▼▼▼

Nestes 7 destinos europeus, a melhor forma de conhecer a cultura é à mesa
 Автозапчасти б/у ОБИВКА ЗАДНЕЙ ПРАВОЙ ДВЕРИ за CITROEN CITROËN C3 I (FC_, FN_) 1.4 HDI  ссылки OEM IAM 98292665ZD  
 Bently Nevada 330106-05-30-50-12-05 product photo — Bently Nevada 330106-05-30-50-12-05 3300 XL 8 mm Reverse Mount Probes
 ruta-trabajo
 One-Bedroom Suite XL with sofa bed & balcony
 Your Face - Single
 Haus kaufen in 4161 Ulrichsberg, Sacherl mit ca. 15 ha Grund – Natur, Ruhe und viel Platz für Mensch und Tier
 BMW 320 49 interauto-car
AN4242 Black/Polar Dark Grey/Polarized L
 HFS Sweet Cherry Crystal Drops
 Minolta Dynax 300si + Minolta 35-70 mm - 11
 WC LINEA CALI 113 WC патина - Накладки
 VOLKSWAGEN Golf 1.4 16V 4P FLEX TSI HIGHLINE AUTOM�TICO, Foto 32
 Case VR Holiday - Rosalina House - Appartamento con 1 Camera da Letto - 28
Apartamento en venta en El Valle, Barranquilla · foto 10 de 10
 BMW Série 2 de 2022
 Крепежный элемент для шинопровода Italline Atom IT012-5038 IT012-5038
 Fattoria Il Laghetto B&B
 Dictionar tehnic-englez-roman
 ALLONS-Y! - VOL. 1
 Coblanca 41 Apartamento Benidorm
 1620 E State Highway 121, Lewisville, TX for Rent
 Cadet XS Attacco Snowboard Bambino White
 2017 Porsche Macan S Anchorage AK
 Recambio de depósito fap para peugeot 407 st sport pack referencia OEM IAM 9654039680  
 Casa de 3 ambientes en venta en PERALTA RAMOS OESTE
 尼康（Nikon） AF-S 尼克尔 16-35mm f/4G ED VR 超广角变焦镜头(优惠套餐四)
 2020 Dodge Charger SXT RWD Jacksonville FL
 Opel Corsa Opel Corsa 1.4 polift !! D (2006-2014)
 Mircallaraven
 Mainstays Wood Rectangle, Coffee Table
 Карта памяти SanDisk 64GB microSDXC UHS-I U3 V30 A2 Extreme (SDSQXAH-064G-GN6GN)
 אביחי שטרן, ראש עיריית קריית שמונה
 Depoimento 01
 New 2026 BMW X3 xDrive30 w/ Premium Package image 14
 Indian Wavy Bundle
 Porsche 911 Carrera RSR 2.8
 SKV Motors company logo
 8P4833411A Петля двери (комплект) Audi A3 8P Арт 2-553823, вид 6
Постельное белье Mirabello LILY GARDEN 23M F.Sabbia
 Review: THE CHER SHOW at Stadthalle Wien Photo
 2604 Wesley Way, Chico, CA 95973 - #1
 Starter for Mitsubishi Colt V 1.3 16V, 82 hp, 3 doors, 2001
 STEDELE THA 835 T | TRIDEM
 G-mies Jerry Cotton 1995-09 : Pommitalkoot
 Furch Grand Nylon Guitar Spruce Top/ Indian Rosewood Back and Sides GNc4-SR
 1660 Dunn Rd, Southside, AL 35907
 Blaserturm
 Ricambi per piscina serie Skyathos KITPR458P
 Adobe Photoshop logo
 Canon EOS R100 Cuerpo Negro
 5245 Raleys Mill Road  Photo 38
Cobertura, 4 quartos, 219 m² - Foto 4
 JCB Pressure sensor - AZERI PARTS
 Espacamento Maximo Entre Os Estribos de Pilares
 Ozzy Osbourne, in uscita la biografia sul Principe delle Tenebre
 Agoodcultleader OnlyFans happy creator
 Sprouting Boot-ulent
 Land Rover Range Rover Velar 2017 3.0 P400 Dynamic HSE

▲▲▲

Give the exact lines, and only those, from the line containing "Recambio de depósito" through the line containing "Mainstays Wood Rectangle, Coffee Table" in the entries above.

 Recambio de depósito fap para peugeot 407 st sport pack referencia OEM IAM 9654039680  
 Casa de 3 ambientes en venta en PERALTA RAMOS OESTE
 尼康（Nikon） AF-S 尼克尔 16-35mm f/4G ED VR 超广角变焦镜头(优惠套餐四)
 2020 Dodge Charger SXT RWD Jacksonville FL
 Opel Corsa Opel Corsa 1.4 polift !! D (2006-2014)
 Mircallaraven
 Mainstays Wood Rectangle, Coffee Table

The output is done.